Réveil dans la terreur (Wake in fright) – Ted Kotcheff – 1971

07. Réveil dans la terreur - Wake in fright - Ted Kotcheff - 1971Errance au bout de l’enfer.

   8.0   Le film s’ouvre à peine que la violence se loge déjà dans le moindre recoin d’absurdité. D’abord dans ce plan circulaire dévoilant une ligne de chemin de fer et un désert ocre à perte de vue d’où s’échappent quelques bicoques de bois. Puis dans ce bruit d’horloge qu’on  entend plus que distinctement dans la salle de classe, avant la sonnerie qui marque le départ en vacances. Puis quelques instants plus tard, dans le « shut up » du barman qui vient interrompre la douce mélodie de John Scott. On n’est pas encore dans les tréfonds de l’Outback mais on y glisse progressivement.

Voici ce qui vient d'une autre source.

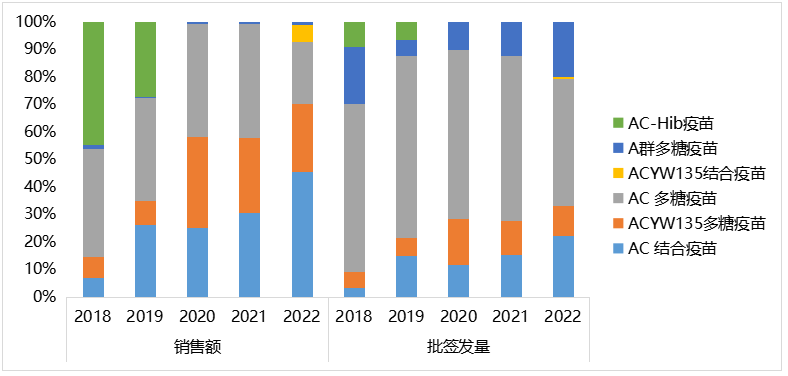 多價(jià)流腦結(jié)合疫苗為主流產(chǎn)品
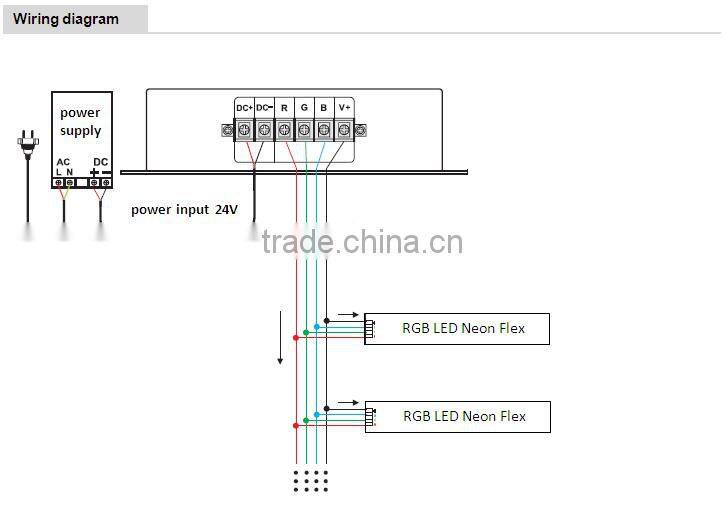 Holiday large project for decoration light thick led neon flex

     Wake in fright, film rêvé, réalisé en 1971, annonce, pour rester dans le bush australien, aussi bien Walkabout, de Nicolas Roeg que Mad Max, de George Miller, et plus largement, Délivrance de John Boorman, Chiens de paille, de Sam Peckinpah, Cockfighter de Monte Hellman, La dernière maison sur la gauche, de Wes Craven voire même le plus récent Wolf Creek, de Greg McLean. Ce qui frappe en premier lieu devant la découverte de ce film, c’est que tout s’inspire de Wake in fright mais rien ne le devance, sinon le plus urbain Wanda, de Barbara Loden. Jamais nous n’avions vu le bush filmé de la sorte. Jamais nous n’avions pensé tutoyer à ce point ses enfers. Jusqu’à virer au film d’horreur en lui faisant respirer le reportage ethnographique – confirmé par le panneau final – à la Jean Rouch, quand il fait La chasse au lion à l’arc.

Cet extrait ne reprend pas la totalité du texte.